**Exercise**
Only one stretch of the material below is wanted: everything from the line containing "Hello everyone, I" down to the line containing "Hi YouTube, recently", both ends included. Repeat it exactly and skip the pictures.

**Study material**
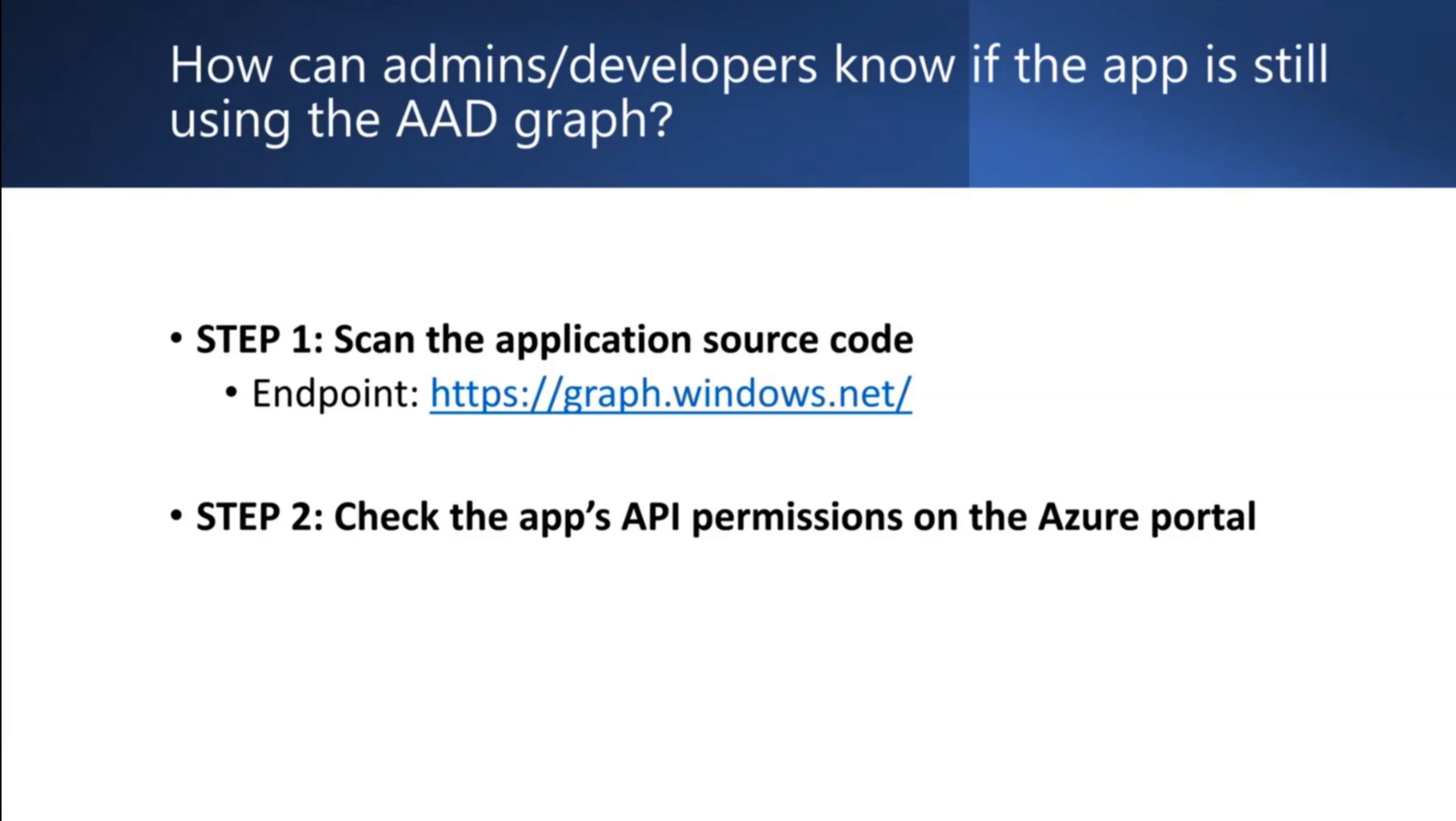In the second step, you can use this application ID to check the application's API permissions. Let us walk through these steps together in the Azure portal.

--

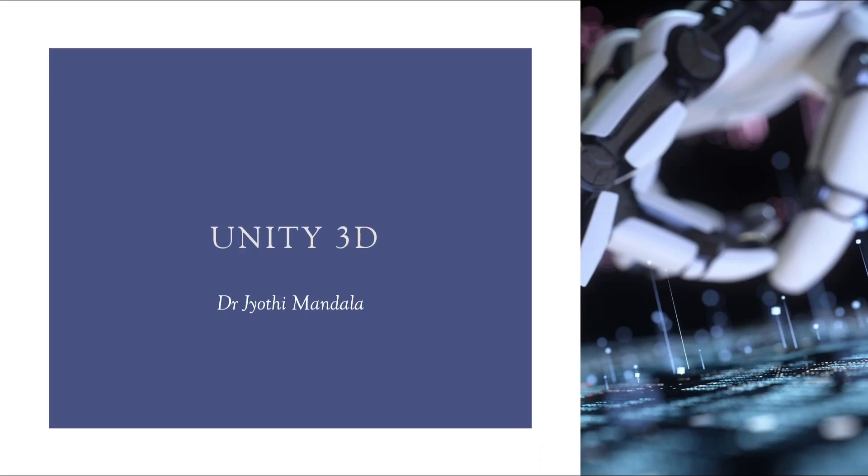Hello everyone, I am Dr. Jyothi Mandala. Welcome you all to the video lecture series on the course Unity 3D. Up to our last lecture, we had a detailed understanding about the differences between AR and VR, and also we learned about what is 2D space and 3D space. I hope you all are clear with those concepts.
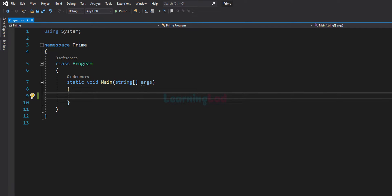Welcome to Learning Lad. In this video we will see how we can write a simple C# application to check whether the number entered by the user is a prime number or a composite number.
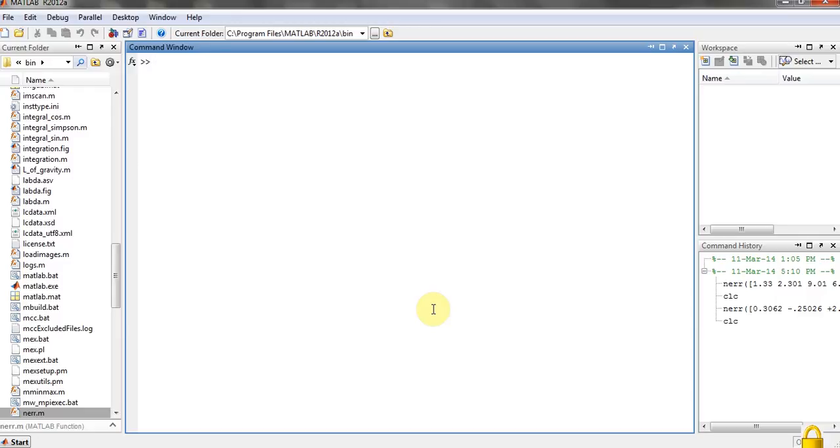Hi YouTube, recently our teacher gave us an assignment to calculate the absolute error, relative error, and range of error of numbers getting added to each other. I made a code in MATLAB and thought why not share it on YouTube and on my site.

**Response to this exercise**
Hello everyone, I am Dr. Jyothi Mandala. Welcome you all to the video lecture series on the course Unity 3D. Up to our last lecture, we had a detailed understanding about the differences between AR and VR, and also we learned about what is 2D space and 3D space. I hope you all are clear with those concepts.
Welcome to Learning Lad. In this video we will see how we can write a simple C# application to check whether the number entered by the user is a prime number or a composite number.
Hi YouTube, recently our teacher gave us an assignment to calculate the absolute error, relative error, and range of error of numbers getting added to each other. I made a code in MATLAB and thought why not share it on YouTube and on my site.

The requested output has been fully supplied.